Ex-detenta vira auxiliar de cozinha e se prepara para cursar gastronomia francesa: “Quero mostrar à sociedade que nós podemos mudar, sim”
Existem muitas histórias de pessoas que deixaram a prisão e lutam contra o preconceito para conseguir uma chance na vida. Conheça a história da ex-detenta Ariane.
A sociedade, de modo geral, tende a rejeitar e excluir as pessoas que cometeram atos infracionais, mesmo que já tenham cumprido sua pena. Um preconceito que muitas vezes inviabiliza a reconstrução da vida fora da prisão.
Essa é a história de Ariane Aparecida:
Eu me chamo Ariane, tenho 27 anos, sou mãe de três filhos e moro na Cidade Tiradentes, extremo leste de São Paulo. Vou contar um pouco da minha história, da minha trajetória até os dias de hoje…
Tudo começa no ano de 2009. Na época eu tinha apenas 13 anos. Residia em Guaianases, numa comunidade bem animada e divertida, pois possuía tudo que uma adolescente queria: bagunça, bebidas, drogas, amizades falsas e homens que queriam aproveitar de meninas inocentes.
Um certo dia, conheci o pai dos meus dois primeiros filhos. Ele era gerente da boca, e eu fiquei super encantada com aquele homem bonito, mais velho. Acabei me envolvendo com ele. Confesso, foi meu erro. No começo era tudo maravilhoso.
Engravidei aos 13 e aos 17 anos. Uma criança cuidando de dois bebês. Foi quando começou a tortura psicológica e depois vieram as agressões físicas. Nesse momento, eu conheci o tráfico. Descobri o que era sofrer de verdade. Ele me batia diariamente e eu ficava só dentro de casa com meus filhos.
Já mais velha, comecei a usar drogas. Passei a cheirar cocaína para amenizar as dores e o sofrimento. Tortura atrás de tortura por cinco anos. Eu que abastecia as biqueiras e tinha que levar droga com meu filho no colo.

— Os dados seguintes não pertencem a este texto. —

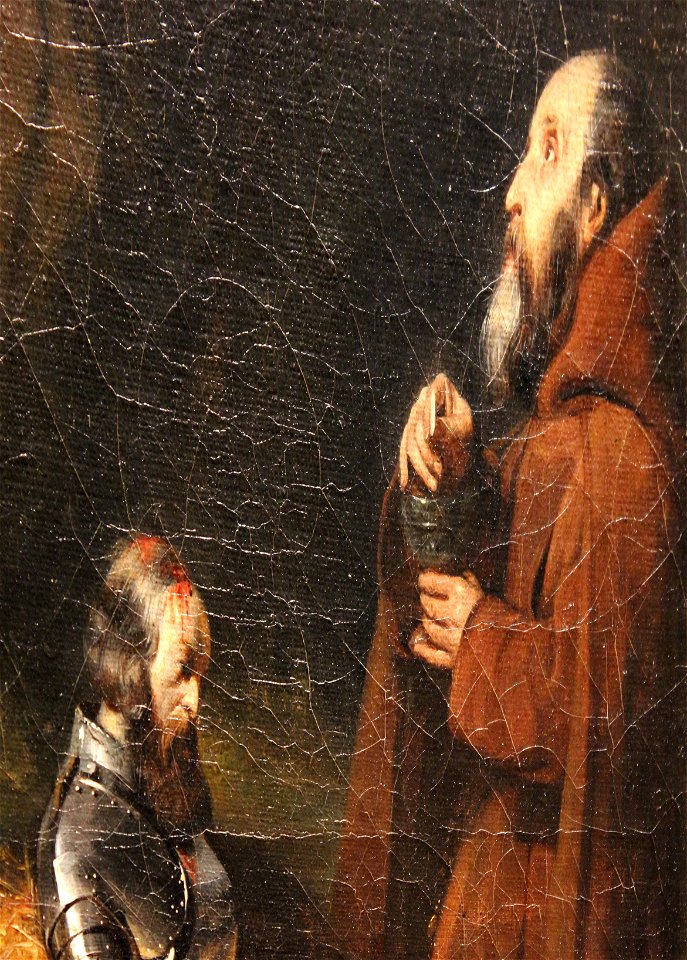 Mort du connétable de Montmorency by Claudius Jacquand détail 1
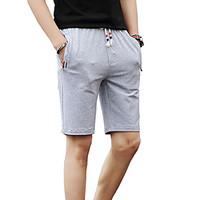 Men\'s Low Rise Micro-elastic Chinos Shorts Pants, Street chic Active Cute Vintage Simple Slim Pure Color Solid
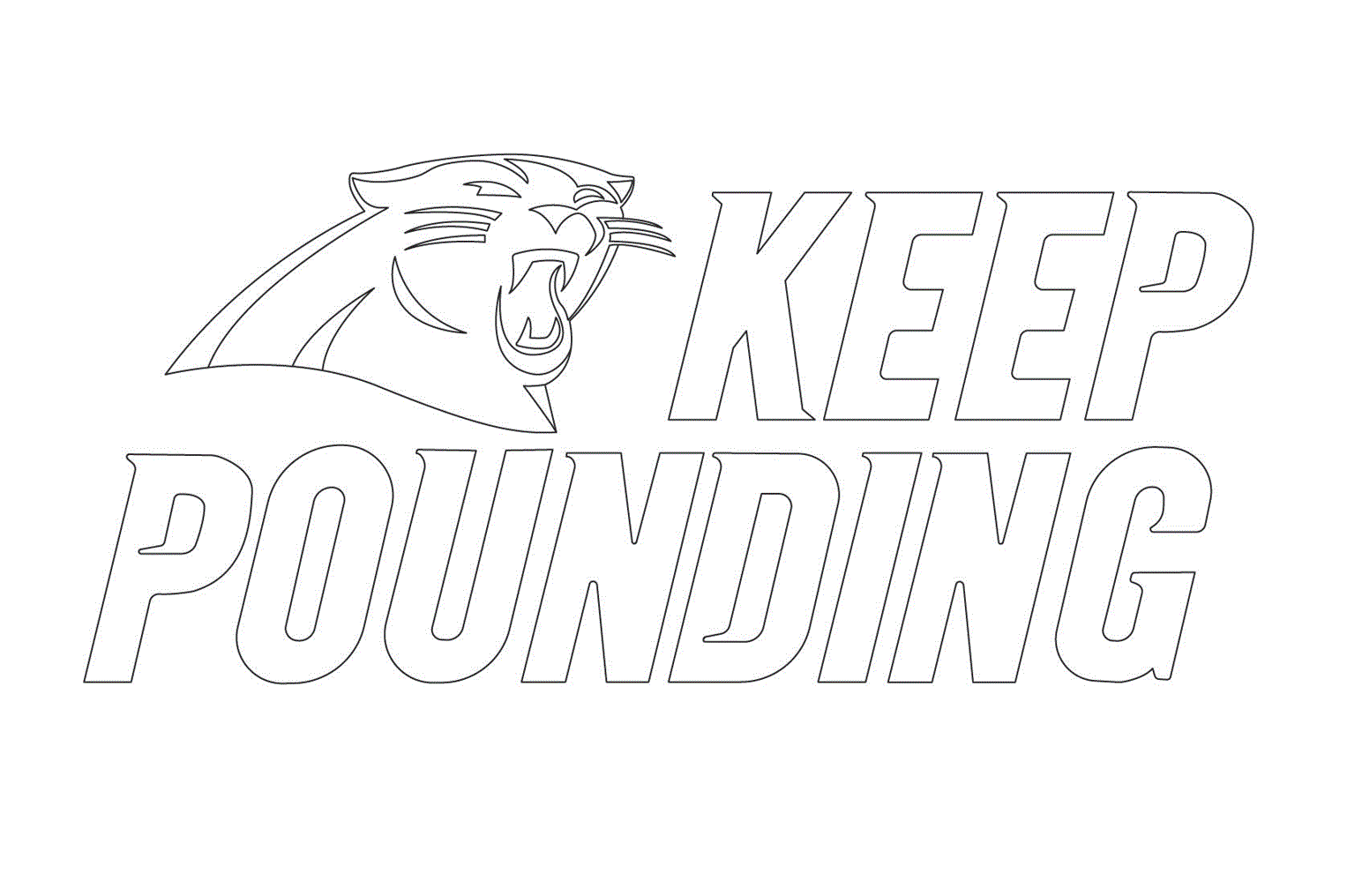 coloring pages carolina panthers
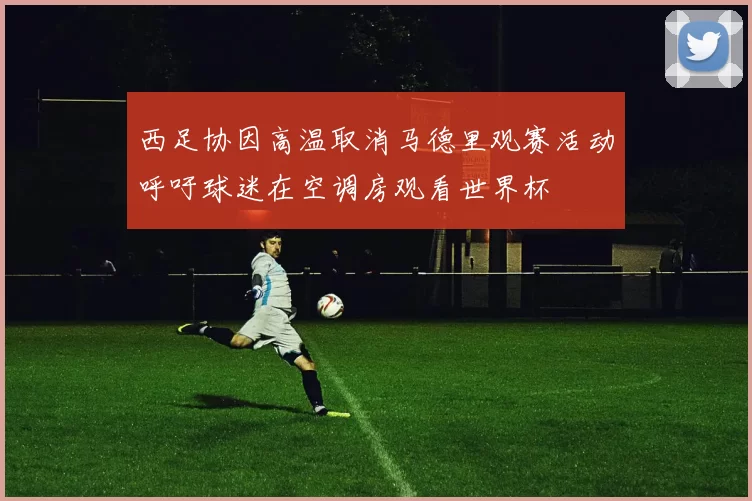 西足协因高温取消马德里观赛活动呼吁球迷在空调房观看世界杯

Ao chegar em casa, eu me dopava de remédio. Tentava me matar. Assim foi a minha vida ao longo de cinco anos até eu resolver ir embora para Cidade Tiradentes. A essa altura, eu já estava viciada em cocaína e álcool.
Foi nessa época que eu conheci o meu parceiro de B.O. Ele me ensinou a roubar carros, a maneira de parar os veículos e abordar as vítimas. Em uma dessas presepadas, infelizmente (ou felizmente), fui presa. E confesso, graças a Deus, senão eu não estaria aqui hoje.
Quando eu cheguei na cadeia pensei que eu não sobreviveria naquele lugar, mas eu sobrevivi e aprendi.
Agradeço a Deus por ter passado pelo sistema prisional. Hoje eu tenho novos hábitos, dou valor às mínimas coisas, à minha liberdade, à minha família e aos filhos. Fui sentenciada a oito anos e seis meses. Fiquei um ano em Franco da Rocha, passei por Santana, ficando quase dois anos privada da minha liberdade.
Estou na rua há seis anos lutando, matando um leão por dia. Muitas vezes criticada, humilhada, sem ter a oportunidade de arrumar um serviço digno, porque a sociedade é cruel.
Enfim, o ano de 2021, mês de outubro
Conversando com uma amiga, a Karina, egressa como eu, ela me falou do Instituto Recomeçar. Eu toda desconfiada, desiludida e sem esperança, comecei a pesquisar e me aprofundar. Tentei descobrir mais sobre a instituição que só fazia o bem para egressos e familiares.
Liguei, mandei mensagem e marquei um dia para ir conhecer e passar pelo desenvolvimento. Chegando lá até estranhei, pois eram só pessoas bonitas e arrumadas que falavam super bem. Eu pensava: “Jesus, será que eu estou no lugar certo?”.
E sim, eu estava. O mais importante de tudo é que não me olhavam com olhar de crítica, nem julgamento. Eu era igual a todos, não tinha diferença nem preconceito. Soube ali que eu não estava sozinha nessa luta. Eles também passaram pelo mesmo sofrimento, pela opressão do sistema, pelos preconceitos da sociedade. E eles estavam ali para fazer a diferença e mudar as estatísticas.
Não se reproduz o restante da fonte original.